(EXTRACTED MATERIAL)
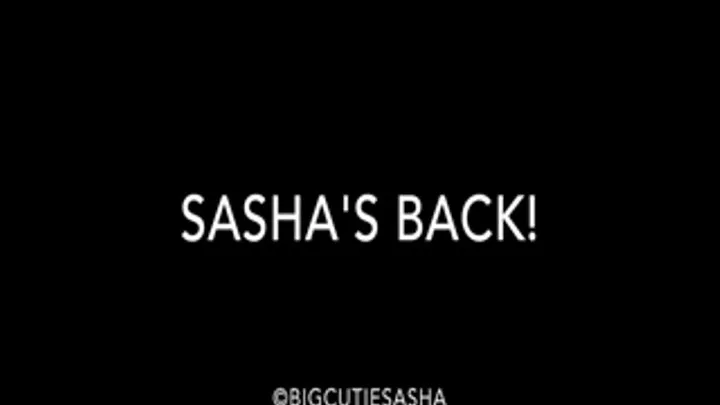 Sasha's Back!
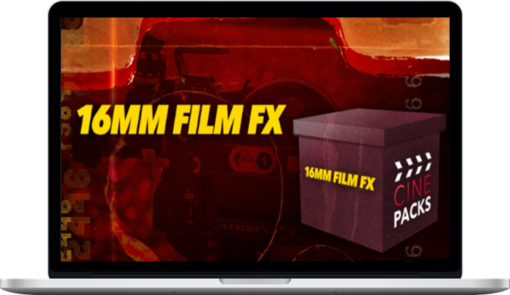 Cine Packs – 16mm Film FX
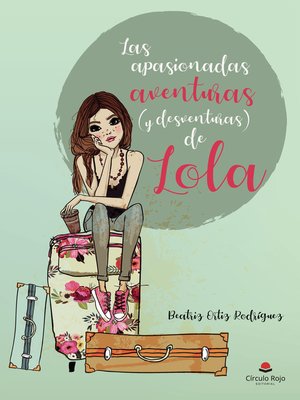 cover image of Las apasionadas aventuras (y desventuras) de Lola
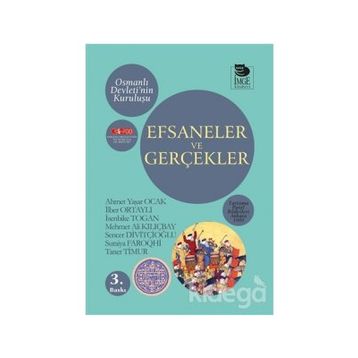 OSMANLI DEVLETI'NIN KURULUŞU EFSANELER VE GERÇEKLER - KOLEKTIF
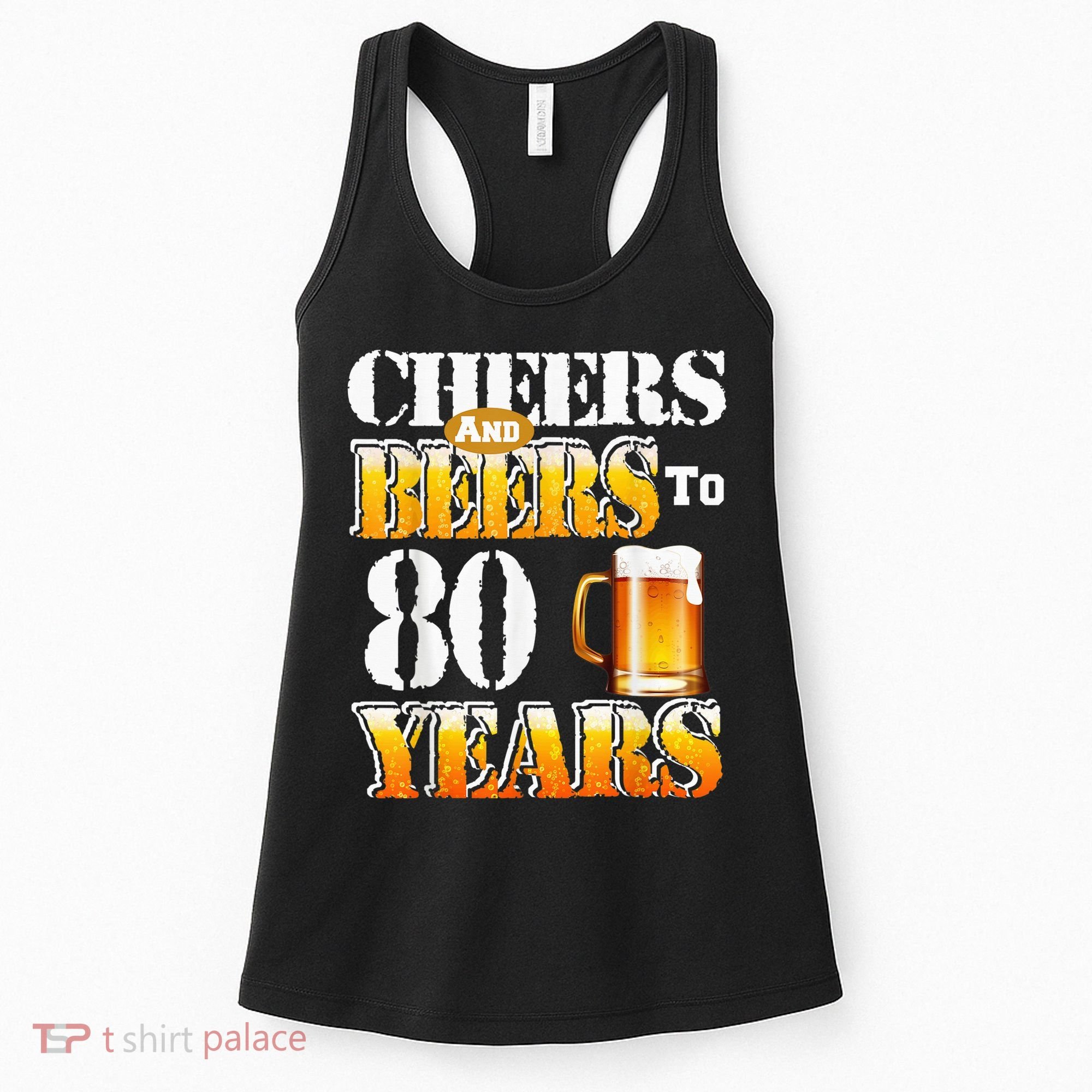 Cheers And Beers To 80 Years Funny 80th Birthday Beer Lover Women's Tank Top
* * *
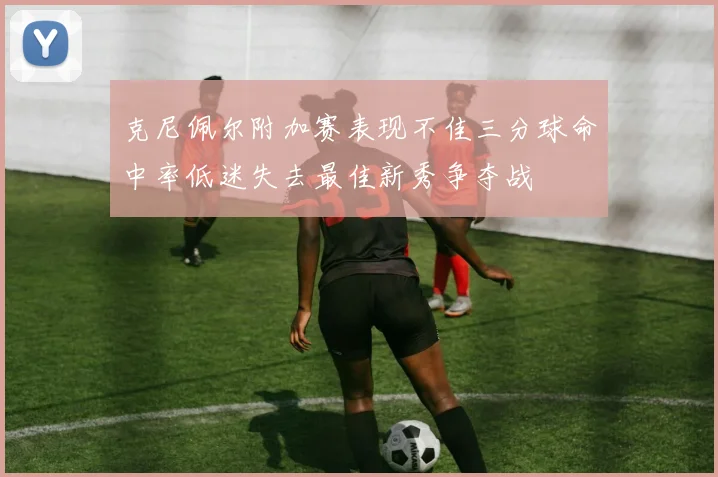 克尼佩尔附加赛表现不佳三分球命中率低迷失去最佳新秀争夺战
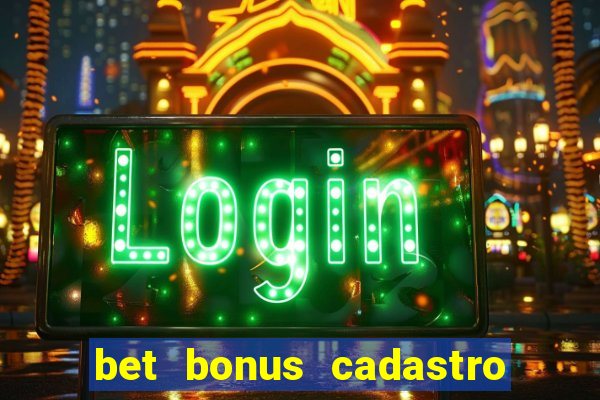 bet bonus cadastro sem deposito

(DIRECTIONS FOR THIS TASK)
With the pictures omitted, copy exactly the lines of the listing above starting at the line containing "OSMANLI DEVLETI'NIN KURULUŞU" and ending at the line containing "Cheers And Beers", both included.

(REPLY)
 OSMANLI DEVLETI'NIN KURULUŞU EFSANELER VE GERÇEKLER - KOLEKTIF
 Cheers And Beers To 80 Years Funny 80th Birthday Beer Lover Women's Tank Top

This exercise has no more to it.